The actual position of the tool in the tool chuck may be determined by a mechanical measurement, that is to say by measuring by contact of the tool and of the tool chuck with a measuring means. However, it is preferred to determine the actual position in a non-contact manner, in particular by means of a measuring apparatus having an optical system. The measuring apparatus normally comprises a camera and an evaluating unit which evaluates images detected with the camera and determines the actual position of the tool by means of predetermined calculation methods. With such an apparatus, accurate measurements can be carried out in a simple and effective manner. Damage caused by contact between the tool and the measuring apparatus can be reliably avoided.

The actual position of the tool is expediently determined via the actual position of a characteristic element of the tool, for example a cutting edge, a corner or edge or a tip. The actual position of the tool is deduced from the actual position of the characteristic element, or the actual position of the characteristic element is itself regarded as the actual position of the tool. In this case, the actual position of the characteristic element can be determined or checked in the direction in which the tool is inserted into the tool receptacle and/or in the radial direction relative to the rotation axis of the tool. The determination of the actual position of the tool in the direction of insertion enables the correct positioning of the tool in the tool chuck to be checked. The determination of the actual position of the tool in the radial direction enables the concentricity of the tool to be checked and can detect temperature-induced movements and in particular defects in the tool or in the tool chuck.

According to a preferred embodiment of the method according to the invention, the actual position of the tool is monitored during the insertion of the tool into the tool chuck. In this way, unintentional movement of the tool during the insertion, displacement in the tool gripper or canting in the tool chuck can be detected. When the actual position of the tool is being monitored during the insertion, the characteristic element of the tool is expediently freely accessible, so that the monitoring can be effected by means of an optical sensor.

According to a preferred embodiment of the method according to the invention, the actual position is determined in the axial direction and radial direction of the tool after the shrink fitting. In this way, both the actual position in the insertion direction of the tool and unbalance in the radial direction can be determined with great accuracy. If the unbalance is exceeded, that is to say if a tool is clamped in place obliquely beyond a specific value with regard to the insertion direction or axial direction, the process for shrinking the tool in place in the tool chuck can be repeated.

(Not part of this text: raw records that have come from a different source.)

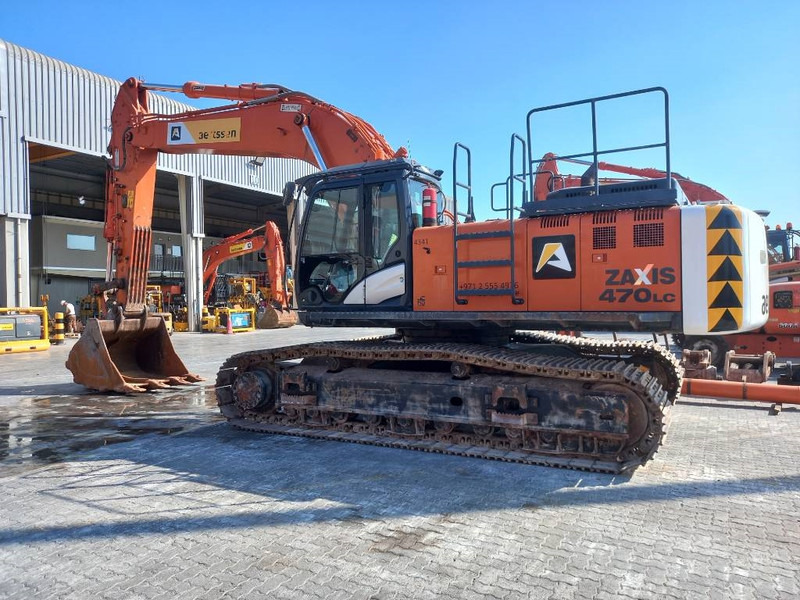 Hitachi ZX470-5G (Abu Dhabi) - Kāpurķēžu ekskavators: foto 2 Hitachi ZX470-5G (Abu Dhabi) - Kāpurķēžu ekskavators: foto 2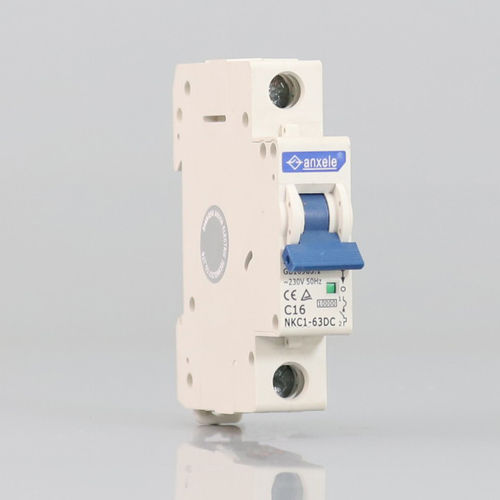 Disjoncteur avec actionneur à ressort - NKC1-63DC - SHANGHAI ANSON ELECTRIC TECHNOLOGY CO.,LTD - DC / modulaire / pour applications photovoltaïques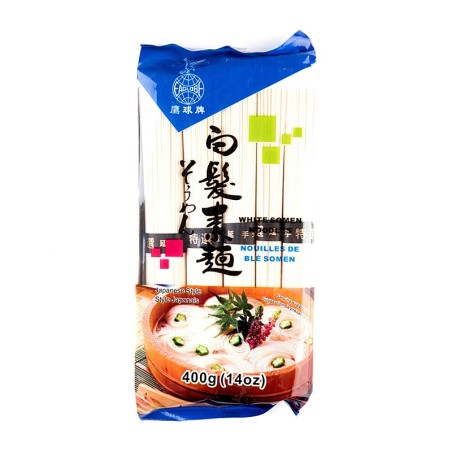 Nouilles de blé \"Somen\"-Eaglobe-400g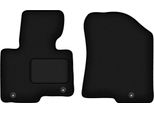 Wielganizator Tappetini Auto Velours Anteriori Adatto Per Kia Carens Iv (2013-2018, Minivan) Neri, Set 2 Pz, Con Fissaggi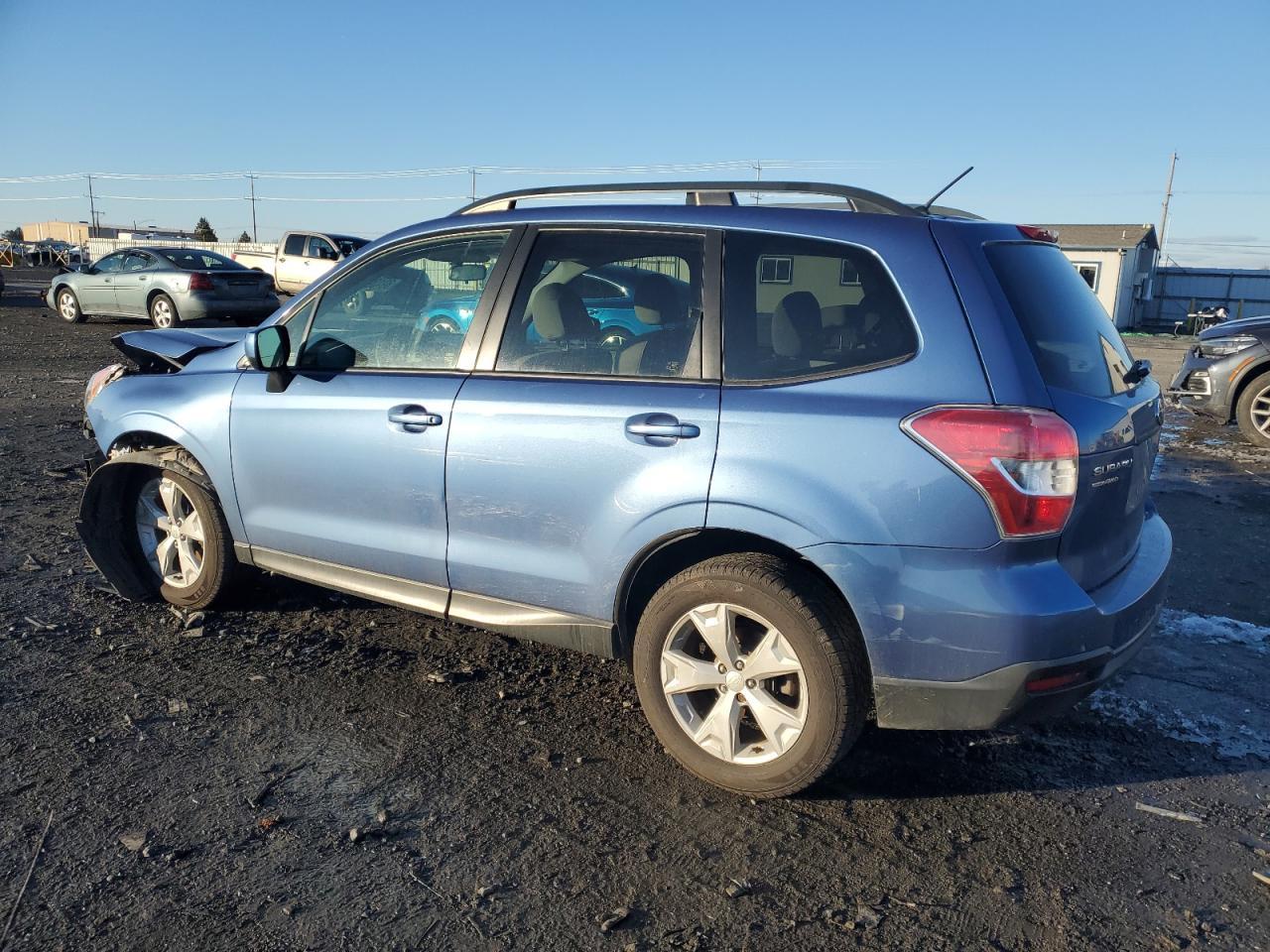2015 SUBARU FORESTER 2 - Image 2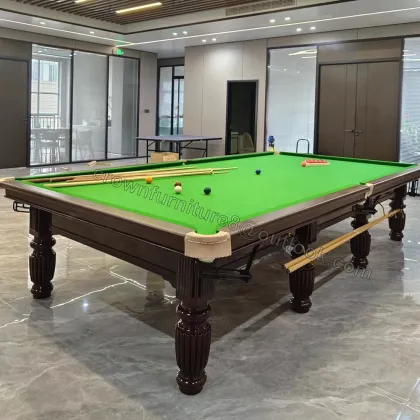 Luxury International Standard 12 Ft Snooker Table for Sale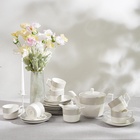 УЦЕНКА Чайный сервиз WY Eternal, 20 предметов, чайник 1000 мл, 6 кружек 250 мл, 6 блюд, 6 тарелок - Фото 3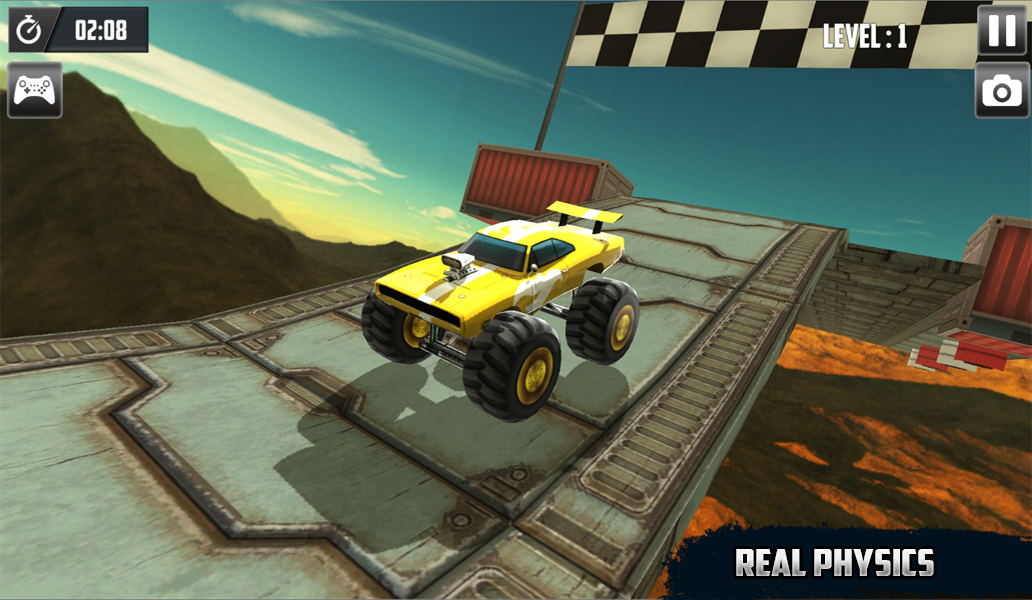 ���п����ؼ���ʻ(Monster Truck Survivor)v1.3 ��׿��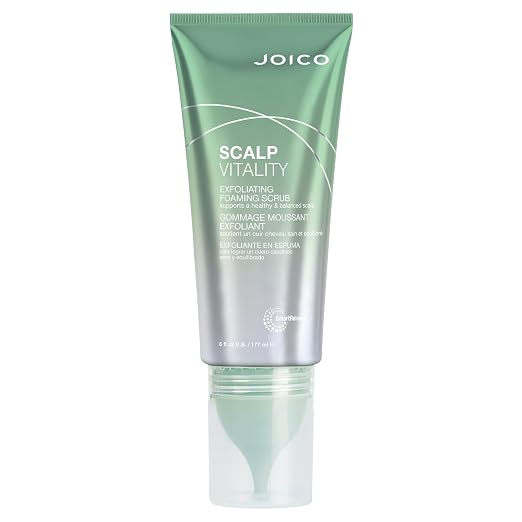 Scalp Vitality Exfoliating Foaming Scrub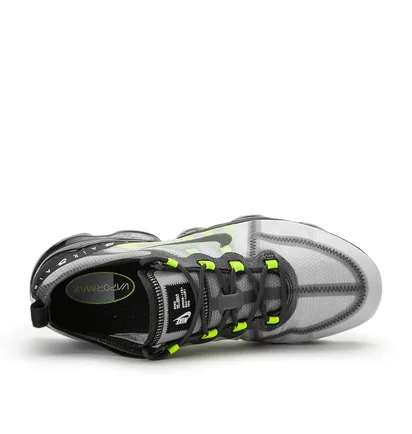 Nike Air VaporMax LX (Grau / Neongelb)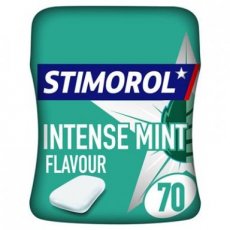 38427 24* Stimorol Bottle Intense Mint 70 stuks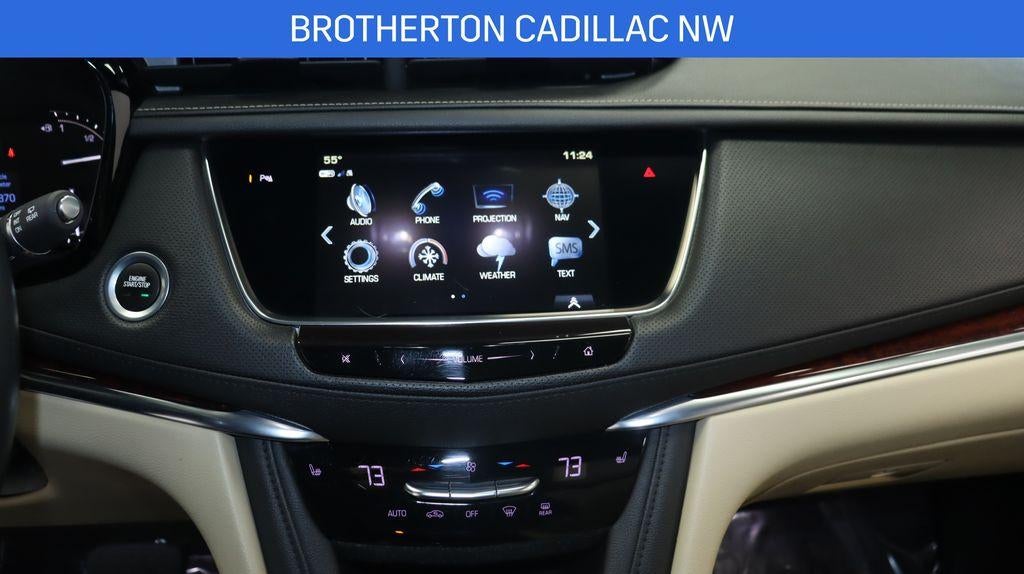 2018 Cadillac XT5 Luxury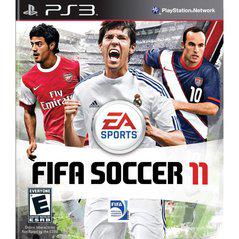 FIFA Soccer 11 - (Playstation 3) (CIB)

The actual position of the tool is expediently defined with regard to a reference point on the tool chuck. The reference point can be determined using an optical system. In numerous applications, however, it may be assumed that the reference point is arranged in an accurate position by the fastening of the tool chuck in a tool-mounting spindle, so that no further measurement of the reference point is required.

During the shrink fitting, the tool is preferably held by a tool gripper which has also held the tool during the measuring. In this way, the risk of a positioning error can be reduced. The tool gripper is expediently able to rotate the tool about its rotation axis so that the tool can be rotated during the measuring and an envelope curve, for example, can be determined.

The tool chuck is advantageously fastened in a spindle during the shrink fitting and is not removed from the spindle until after the actual position has been determined. By the actual position being determined immediately after the shrink fitting, an error can be detected immediately. In addition, the actual position determined in this way can be compared with a subsequently determined actual position, for example after the tool chuck has cooled down, and the reliability of the clamping operation can thus be increased.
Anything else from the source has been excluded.